Author: Editorial
Publication: India Today
Date: May 26, 2003
Introduction: A still functional
Al-Qaida should worry-and wake up-India too
The attack by suicide bombers in
Riyadh, Saudi Arabia, on the night of May 12 was a reminder America-or
for that matter the entire world-cannot ignore: Al-Qaida is alive and is
capable of repeating 9/11 on varying scales of horror. The imprints were
a giveaway. The targets were expatriates, the method was a leaf straight
out of the book of Osama bin Laden and the country was his homeland, an
American ally and one of the radical Islamic kingdoms and the very source
of bin Laden's rage. And it coincided with US Secretary of State Colin
Powell's visit. President George W. Bush's America, a nation transformed
by 9/11, may have flushed out bin Laden's militia from Afghanistan, killed
or caught some of the top leaders of Al-Qaida, and liberated Iraq from
Saddam Hussein. The unprecedented, and hugely successful, war on terror
was a global display of national will and power. "Al-Qaida is on the run
... they are not a problem any longer ... we have seen the turning of the
tide in the war on terrorism." The Bush triumphalism was premature, as
Riyadh has shown. Out there, in the neighbourhood apartment block or in
the marketplace, the Ladenite foot soldier is waiting for you.
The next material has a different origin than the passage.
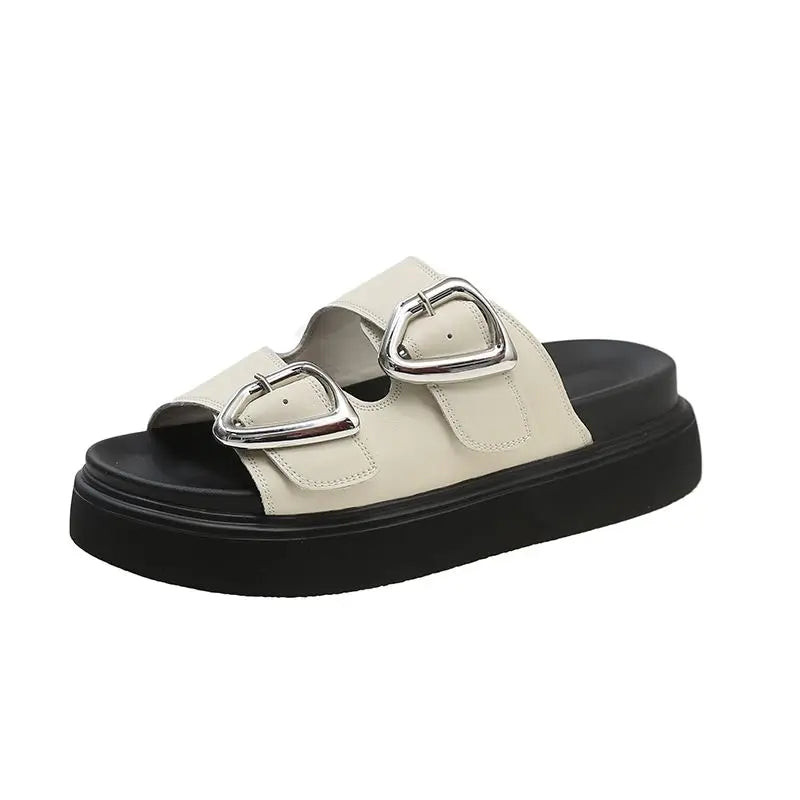 Glam Walk Sandal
A still functional Al-Qaida is not
an American worry alone. True, America may be the primary target of the
network of evil, but everyone who lives outside the medieval fantasy of
radical Islamism has a stake in the world-or the value system-that is being
threatened by the authors of 9/11 and Riyadh. India, along with Israel,
is a frontier victim of radical Islamic terror. Over the years, India has
endured quite a few Riyadhs, although, unlike fellow victims like the US
and Israel, this country has been rather passive in its resistance and
stoic in its suffering. Today, there is a diplomatic stirring of a new
beginning between India and Pakistan, for so long a sponsor and protector
of jehadis. Ideally, any war on terrorism is dishonest as long as it keeps
Pakistan and Saudi Arabia out of its purview. Sadly, it is selective idealism
that marks America's war on terror. At the end of the day, the hard reality
is that each victim state has to fend for itself. That is what both the
US and Israel are doing. Post- Riyadh, India too should know complacency
should not be the state of the national mind.